4 comments to How the rich have bought our democracy

  • NoMore

    Governments if they could get away with it would take ALL off our money because they believe they know best how to spend it. So I can’t condemn the wealthy for using tax havens just for trying to game the system with crony capitalism (Blairism, the EU etc.)

    I think corporation tax, employer NI and CGT should be scrapped also as these are just taxes on job creation.

    Frankly I would be happy with a flat rate tax of 15% for all with 10% NI ring-fenced to each contributor so everyone gets their own pension fund (you get out what you put in). The tax income would flood in and a lot of tax lawyers would be seeking other employment. Naturally you would be responsible for your own unemployment insurance and health insurance and so on but that’s called being a responsible adult. The Welfare state would revert to being a safety net for the UK citizen only.

    Of course the Left do not understand percentages so they will think the “rich” are “not paying their fair share” but the Conservatives will never have a better chance to do something radical like this. If they set tax at 98% for the wealthy the Left would still not vote Tory so may as well be hung for a sheep no?

  • Americanian

    I’m an American who grew up in Trump’s casinos. Trump IS NO DIFFERENT than Koch Brothers and Goldman Sachs.

    He’s the ultimate narcissist on the ultimate power trip and only cares about his own sweet a$$. He’s telling the people what they WANT to hear.
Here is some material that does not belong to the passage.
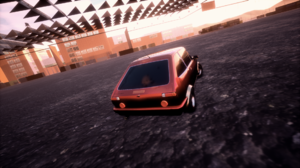 HighresScreenshot00019.png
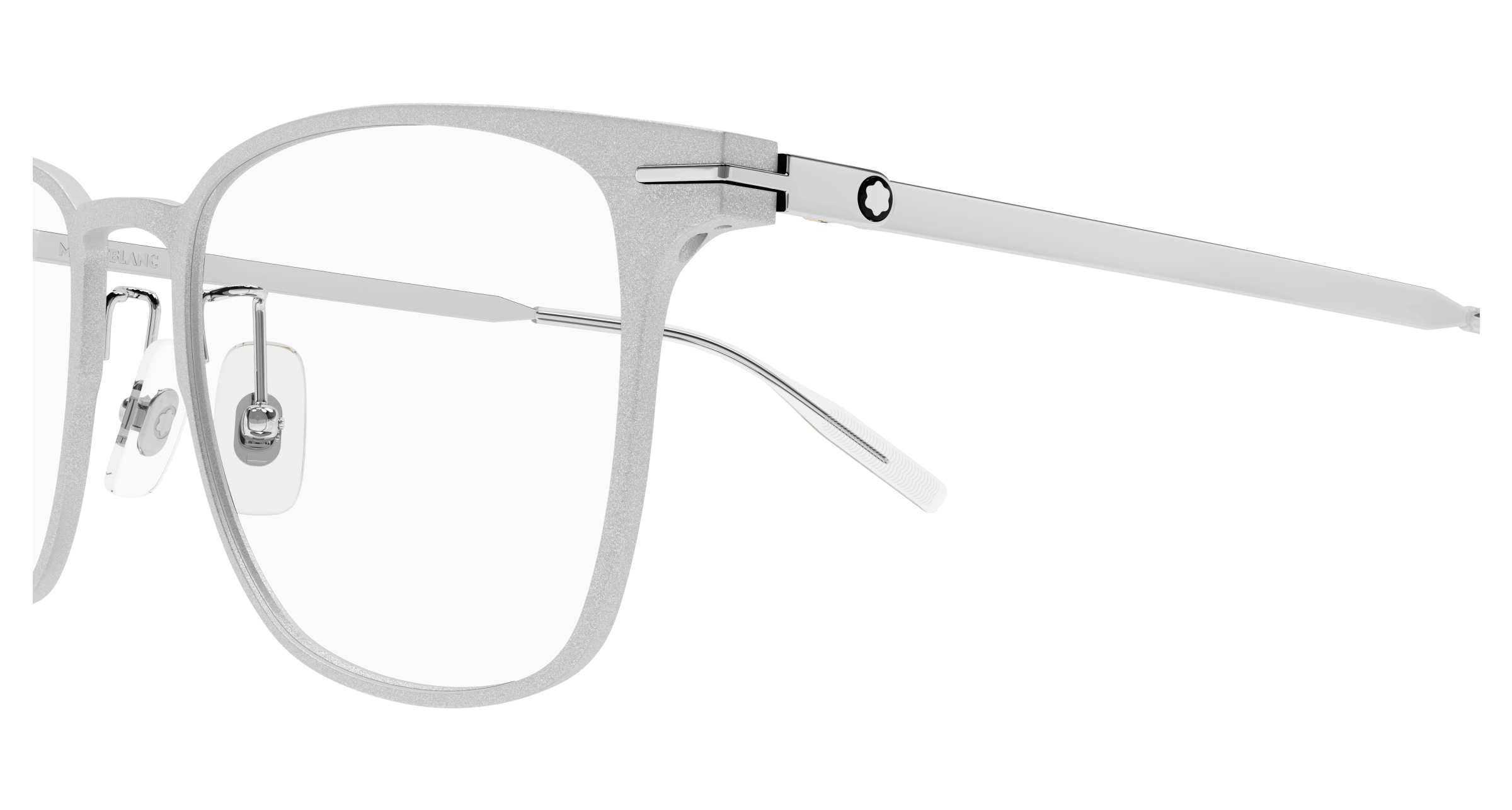 MONTBLANC MB0397ON 003 52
    He also has temper tantrums and hissy fits when he doesn’t get his way, just like a little baby.

    Trump is the last person you’d want in the White House. Trust me on this. The guy puts his photo and name on everything in sight he can. He’s DANGEROUS.

  • David Brown

    AMERICANIAN Trump says he wants to reduce third world migration eg Mexico / Pakistan. This is demographical destroying the America that was. Yes he may be lying to get elected. All the other candidates openly support destructive immigration and the outsourcing of American production to low wage economies.

  • Stuz Graz

    I think the reasons explained in this article are behind Trump’s success. Its a hold your nose none of the above vote on the basis it cannot be any worse than what we already have even if the only thing it does is clean the decks.

    Can now almost guarantee Trump is fairly clean financially. The slightest hint of anything Trumpy in the Panama files and it would have been everywhere. The silence probably suggests the opposite and it would be terrible if the Clinton Foundation was highly implicated in such things. Hopefully wikileaks publish the files and then we can all be reassured.